James Adam was a Scottish classicist who taught Classics at Emmanuel College, Cambridge.

Life

He was born on 7 April 1860 in Kinmuck in the parish of Keithhall near Inverurie, Aberdeenshire. He was educated at the Old Grammar School in Old Aberdeen, at the University of Aberdeen where he studied under William Geddes and gained his B.A. as Senior Classic in 1884, and at Emmanuel College, Cambridge where he graduated as M.A. in 1888.
In 1884 Adam was appointed Junior Fellow and soon thereafter Senior Lecturer in the Classics at Emmanuel College.
In 1890, a former student of his, Adele Marion , became his wife and lifelong collaborator. Their daughter, Barbara Frances, was the British sociologist and criminologist, Lady Barbara Wootton, one of their sons, Captain Arthur Innes Adam, was killed in France on 16 September 1916 and another son, Neil Kensington Adam, became a noted chemist.
Adam was "one of the greatest Platonists of his generation". His editions and commentaries on Plato's Apology, Crito, Euthyphro, Protagoras, and the Republic are widely respected even today:

two-volume critical edition of the Republic was another major contribution to the field.
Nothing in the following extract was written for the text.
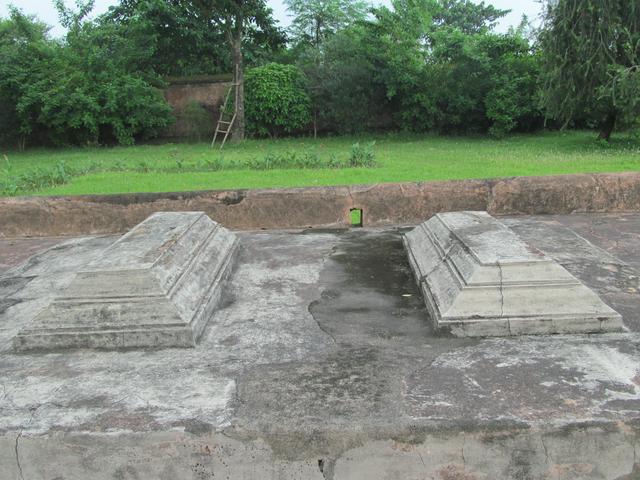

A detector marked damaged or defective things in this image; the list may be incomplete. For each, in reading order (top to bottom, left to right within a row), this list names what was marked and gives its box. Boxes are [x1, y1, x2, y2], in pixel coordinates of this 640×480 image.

cracked concrete floor [0, 215, 636, 480]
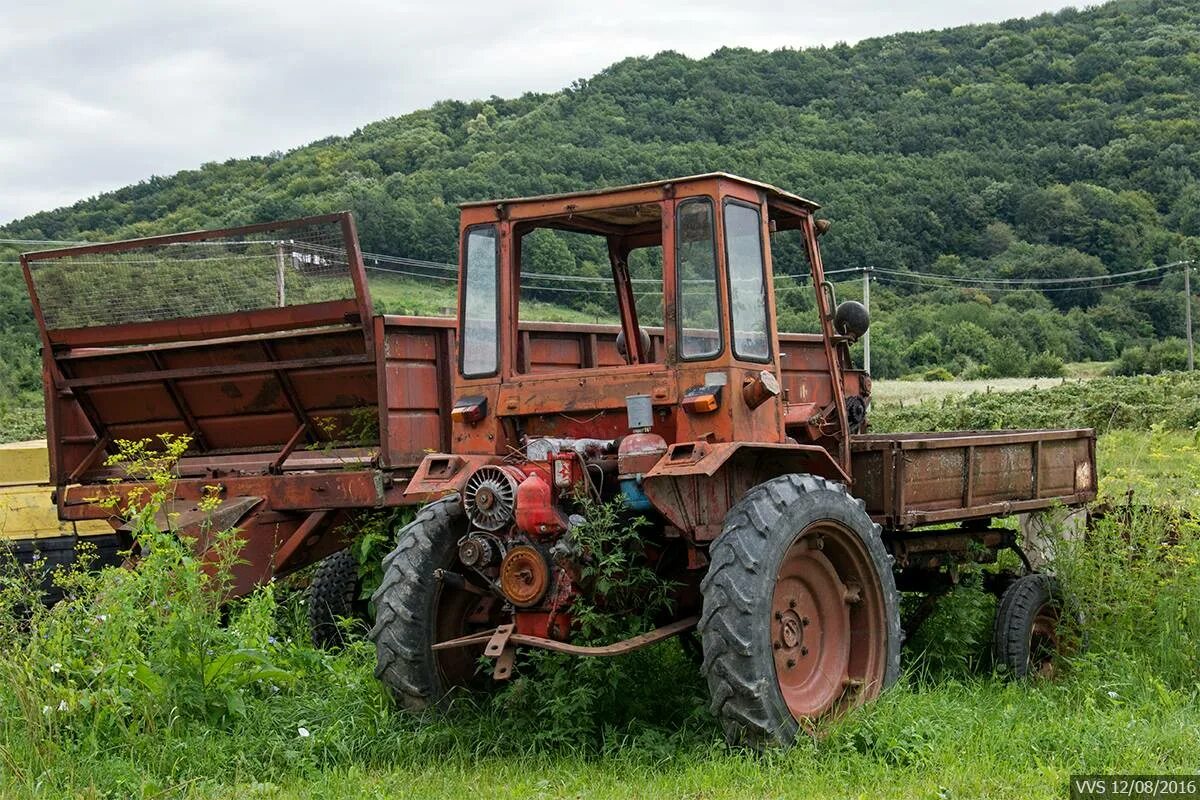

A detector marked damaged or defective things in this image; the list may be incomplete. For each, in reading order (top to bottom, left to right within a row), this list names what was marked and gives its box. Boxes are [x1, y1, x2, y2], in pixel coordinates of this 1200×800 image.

Though his preface claims 'an editor cannot pretend to have exhausted its significance by means of a commentary,' Adam's depth of knowledge and erudite analysis of the Greek text ensured that his edition remained the standard reference for decades to follow, and it remains a thought-provoking evaluation of one of the great works of Western thought.

He was a "strong defender of the importance of Greek philosophy in a well-rounded education" and "a resolute opponent of all attempts to make Greek an optional study". He was also a "keen supporter of the claims of women to degrees, when the question came before the senate of the university in 1897"
In 1904 and 1905 Adam delivered the Gifford Lectures at Aberdeen, choosing for his subject "The Religious Teachers of Greece".
He died in Aberdeen on 30 August 1907.